Atelier of spatial matters is a space production house based in Singapore. The atelier mediates the complexities of our built environment with architectonic clarity and precision. The atelier reassesses conventions to a point of radical departure, until the banal becomes strangely compelling. The atelier embraces the latent possibilities and anomalies of the extrinsic forces acting on architecture. The atelier insists on intellectual rigor. The atelier also opportunistically delivers architecture. The atelier is co-directed by Emerald Wu and Chong Ying Pai, registered Architects in the Commonwealth of Massachusetts. They each attained a Master in Architecture from Harvard University, and collectively hold professional experience from practices in Rotterdam, New York, San Francisco, and Palo Alto.

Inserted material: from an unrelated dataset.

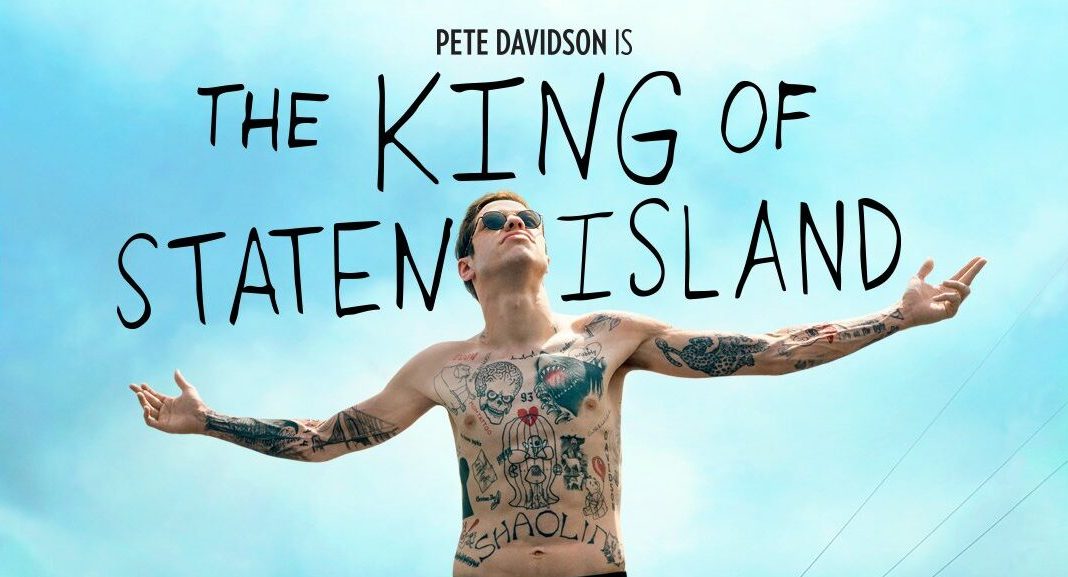 o rei de staten island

011. A national museum of literature is the latest in a series of museum proposals for South Korea by the atelier, emerging from the atelier's preoccupation with the contemporary conundrums of museums: challenges to the hegemony of the pure gallery, proliferation of storage, new forms of cultural production increasingly participatory, as well as the separation of cultural memory from specific sites—all seemingly detached from the ever-escalating post-Bilbao exuberance. A literature museum inherits these conundrums especially since written works preclude being simply displayed in abstract space, presuppose dense storage, and necessitate space for both personal interpretations and collective expressions.

The roof shapes the narrative of the museum. The oblique roof defers to the natural gradient of the site while composing an interior spanning from intimate to expansive. The salient roof stands out seemingly like a geometric abstraction against the rich surroundings and accentuates the programmatic elements manifesting on its surface: a skylit poetry circle, a meandering trail, a sunken terrace, and a contemplation courtyard, among other programs nuanced by literary traditions. Under the omnipresent roof, a set of topographical features seems to extend the undulating landscape into the interior, accommodating not only specific functions (such as an auditorium) but also the medley of human responses that literature evokes.

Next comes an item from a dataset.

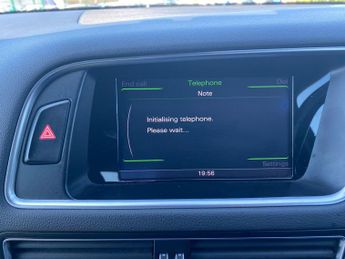 Audi Q5 2.0 TFSI S line Plus SUV 5dr Petrol Tiptronic quattro Euro 6 (s/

007. Atelier of spatial matters was among five shortlisted finalists in an international competition to design a national museum of urbanism and architecture in South Korea. The museum draws attention to its own idiosyncrasies that are themselves exhibits of architecture. A careful composition of these architectonic elements simultaneously forms a cohesive whole (as a singular work of architecture) and melds into the exhibits (as discrete sculptural objects,) seemingly straddling the contradictions of its inherent oxymoron. They shape a catalog of spatial conditions—not only in service of the building itself but also of the architectural exhibit—by functioning as viewing platforms, framing tools, and interactive instruments: stair landings double as lookout points, escalator as scenic ride, corridors as linear galleries, and skylights as periscopes, among others.

003. Atelier of spatial matters was awarded second prize in an international competition, organized by the Seoul Metropolitan Government, for a publicly accessible museum storage facility situated in an outskirt of Seoul. The atelier's proposal speculates on the architectural possibilities of the tectonics of storage—of vast protective enclosures, automated storage and retrieval systems, random assemblages of objects, high-tech security, and carefully calibrated atmospheres—to amplify its public experience as an oversized cabinet of curiosities. Pronounced circulation elements, negotiating the terrain and announcing a public program, are appended to a stark storage box. Inside, elevated public catwalks traverse the dense space as trails full of serendipitous discoveries.